Beş yıldır üyesi olduğum Halkların Demokratik Partisi (HDP) seçimlere girecek olan tek sol parti olarak tanımlayabilirim. Siyasetin en tarafsız yapıldıgı HDP olduğu için buradan aday olmaya karar verdim. Cumhurbaşkanı adayımız sevgili Selahattin Demirtaş’Iın deyimini ödünç alacak olursam. Ben siyasete milletvekili aday adayı başvurusu yaparak girmedim. Her daim siyasetin içindeydim. Her şeyden önce mesleğim gereği sürekli kuramsal düzeyde siyasetin içerisindeydim; üyesi olduğum sendika içerisinde siyaset yaptım, Son on yıldır HDP ve HDK’nin içerisinde partime destek vererek zaten siyaset yapıyordum.
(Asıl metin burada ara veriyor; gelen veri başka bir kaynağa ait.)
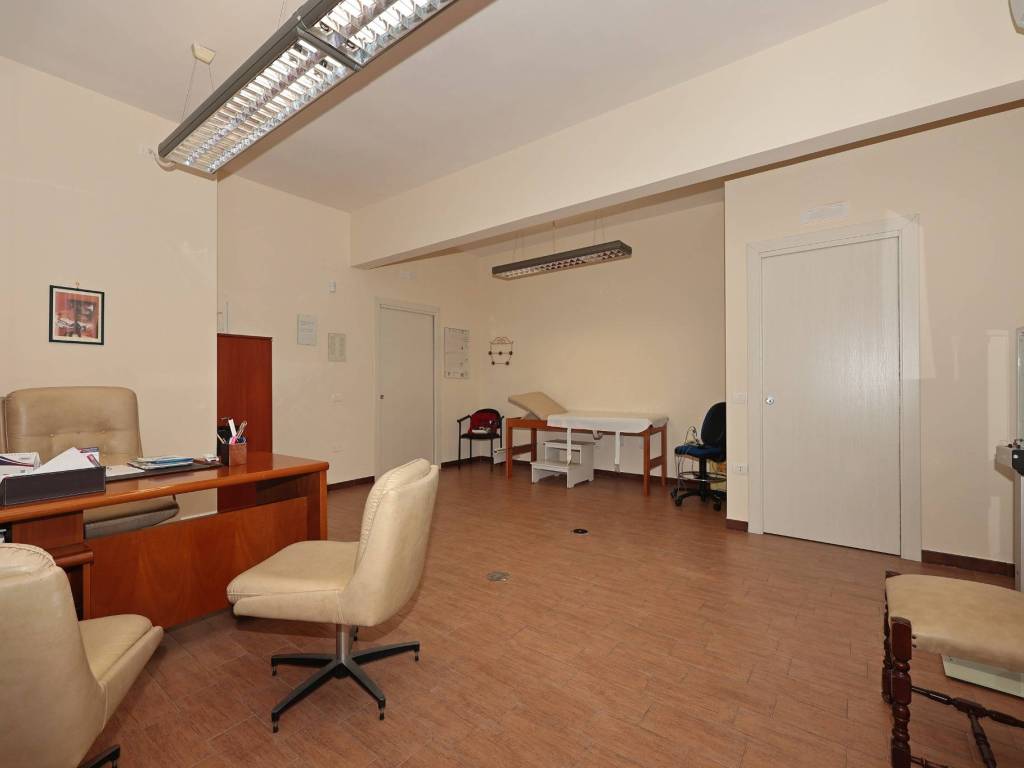 ufficio in affitto a Cava de' Tirreni in zona Centro Storico / Scacciaventi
"ZULME SESSİZ KALANLARA CEVAP VERMEK IÇIN ADAYIM"

Bilimin siyasetten bağımsız ideolojiler üstü bir alan olmadığına inandığım için yaptığım her bilimsel çalışma buram buram siyaset kokardı. Milletvekili aday adayı olmam kişisel bir beklenti ya da hesabın ürünü değil. Haksız bir şekilde KHK ile ihraç edilmiş partili bir kamu emekçisi olarak bunca yıldırma ve toplumsal/siyasal linç kampanyasına girişenlere, buna zımnen destek verenlere veya seyirci kalanlara bir mesaj vermektir: Bizleri ihraç da etseniz, açlıkla terbiye etmeye de çalışsanız, yoldaşlarımızı tutuklasanız da bir gider bin geliriz ve bizden daha çok var diyebilmek için adayım. Asaleten aday gösterilip gösterilmemem hiç önemli değil, bizler binlerce yurttaş, yoldaş ve arkadaşımızla yine sokak sokak, mahalle mahalle eve ev gezerek neden bu ülkenin seçime giren tek sol ve demokrat partisi olduğumuzu anlatmaya devam edeceğiz.
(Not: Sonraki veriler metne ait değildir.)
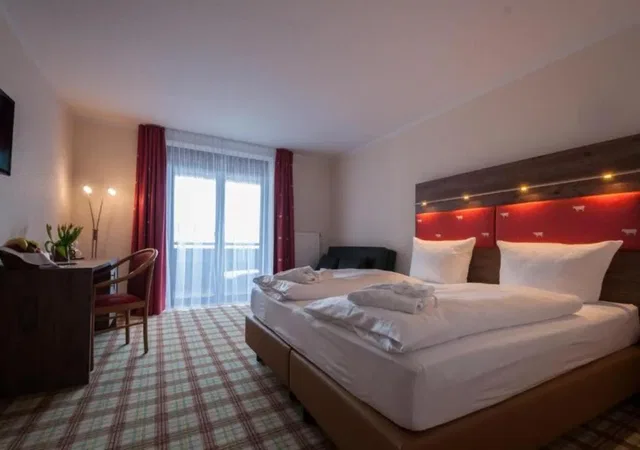 Doppelzimmer mit Balkon im Hotel Kühbergalp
"HDP DIŞILAYAN İTTİFAKLARDAN DEMOKRASİ ADINA BİRSEY BEKLEMEK GEREKİR"

16 yıldır memleketi yağmalayan, siyaseten hiçbir yere oturtulamayacak bir yapıyla karşı karşıyayız. Sadece ekonomik yağmadan, doğanın ve çevrenin yağmalanmasından bahsetmiyorum. Demokrasi, insan hakları, hukukun üstünlüğü, toplumsal barışın yağmalanmasıyla karşı karşıyayız. Artık yağma ve talanın sonuna gelinmiş olacaklar ki baskın bir erken seçim kararı aldılar. Cumhur ittifakı adı altına kurdukları milli cephe de bu paniğin göstergesi olsa gerek Öte yandan bu ittifakı karşına çıkan ve HDP’i dışarıda tutan diğer ittifak da demokrasi anlayışı, toplumsal barışın yeniden oluşturulmasının ilkeleri konusunda cumhur ittifakı ile aynı zihniyet dünyasına sahip. Dolayısıyla bu partilerden de demokrasi adına pek bir şey beklememek gerekir diye düşünüyorum. Zira tek odakları mevcut iktidarı alaşağı etmek olan bu ittifakın bırakın daha iyi bir demokratik toplum tasavvuru olsun, kaybedilmiş kazanımların yeniden yerli yerine oturtulması konusunda dahi ortak bir tasavvurları olduğunu düşünmüyorum.

"MÜCADELE SADECE PARLEMENTO DEĞIL TOPLUMUN HÜCRELERINDE YÜRÜTÜLÜR"

"Cumhur ittifaki" ve "Millet" ittifakkı birbirine karşıt gibi görünen her iki blokun da ortaklaştığı ana eksenin HDP’yi baraj altında bırakarak parlamento dışı tutmak olduğu açıkça görülüyor: Sıfır baraj mantığı bunu açıkça gösteriyor. Bütün bunlara rağmen, adil bir seçim olduğunda barajı aşacağız, hatta 7 Haziran 2015 seçimlerinden daha iyi bir sonuç alacağız. Bizlerin parti olarak milletvekili hesabı gibi bir derdimiz yok. O nedenle bu seçimlerde kaç milletvekili çıkaracağımıza dair bir öngörüde bulunmak da çok anlamlı gelmiyor bana. Zira 7 haziran ve sonrasında kasım seçimlerinde gasp edilen oylarımıza rağmen, son iki yılda tutuklanan gözaltına alınan milletvekillerimize on binin üzerinde il ve ilçe eş-başkanlarımıza, partili aktivistlerimize rağmen oylarımızın düşmek bir yana artması, mücadelenin salt parlamentoda değil, doğrudan toplumun hücrelerinde yürütülmesi gerektiğini gösteriyor.